The case for Toru Hashimoto
Every so often in politics, the proverbial pot is stirred. Japan’s last ladle came in the form of Junichiro Koizumi. Fast forward six years, and Osaka Mayor Toru Hashimoto is shaping up to be the next.
Young, charismatic and belligerent, Hashimoto is the antithesis of a typical Japanese politician in both personality and policy. The 43-year-old maverick has proposed sweeping change in the municipal public sector, including the implementation of performance-based benchmarks on grade and secondary school faculty; the privatization of the Osaka Municipal Subway; spending cuts to the fine arts; and a near 50% reduction of the municipal government workforce. On the national front, Hashimoto has called for abolition of nuclear power; the elimination of the Diet’s upper house; and strongly supports upping national defense. Substantial views, from a politician with no real political experience on the federal stage.
Substance, however, is what the public seems to want from a national government that - in recent recollection - has had anything but. Movement on Japan’s entry into the Trans-Pacific Partnership free trade agreements has been slow, if not wholly nonexistent. The only result yielded by Japan’s continued spat with China over the Senkaku islands has been damaged economic relations. It does not come as any surprise to those even vaguely familiar with East Asian politics how poorly the Japanese government currently sits in the view of its people.

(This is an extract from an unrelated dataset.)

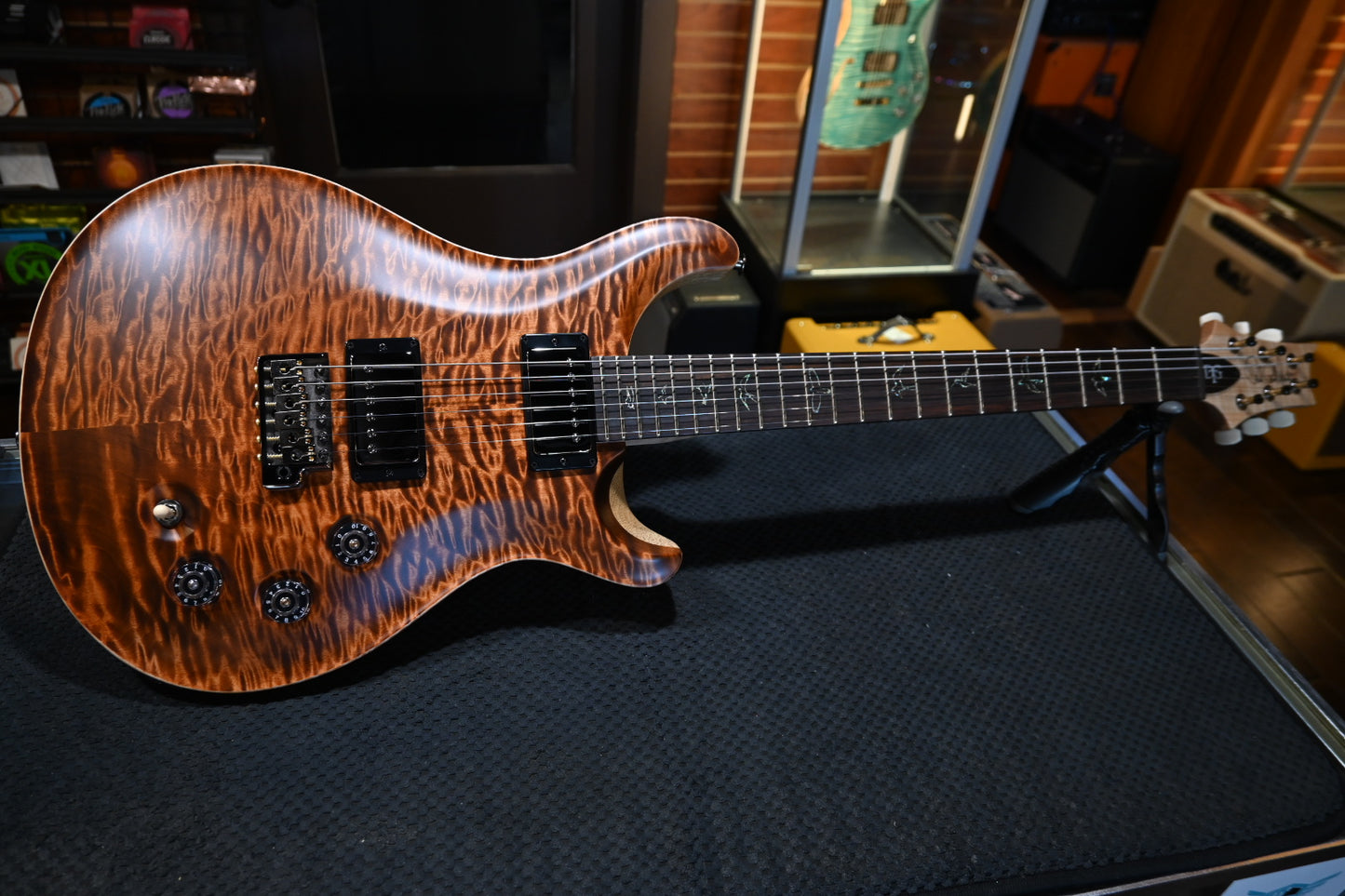 PRS Wood Library DGT 10-Top Quilt - Copperhead Satin Guitar #2068 - Danville Music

It is easy to see the sway Hashimoto holds in light of the above; more than ever, change is needed in a country that, for all its hustle and bustle, seems to be at a standstill. In the eyes of many, his brand of politics is certainly preferential to that of the old guard. Change is needed, and Hashimoto has promised to deliver change.
How effective Hashimoto will be in delivering this change, however, is an entirely different matter. Pointing the metaphoric gun and shooting everything on site may not bode well in a system that has largely been run by mutual backscratching. Farmers and rural dwellers, who hold a disproportionate amount of power in Japanese government, are staunchly opposed to his plan of joining the TPP.
While popular in Osaka, recognition of the political firebrand dips as one ventures farther from Kansai region. The internal power struggle between him and ex-Tokyo Gov Shintaro Ishihara following the merger of his party with Ishihara’s certainly lends no favor to his cause. Although surmountable, the challenges facing Hashimoto in his quest to the top are not insignificant.
Nonetheless, Hashimoto’s existence in the oft-opaque world of Japanese politics will spark inevitable change. Whether that change is for the better or worse is a matter that can only be told through the passage of time.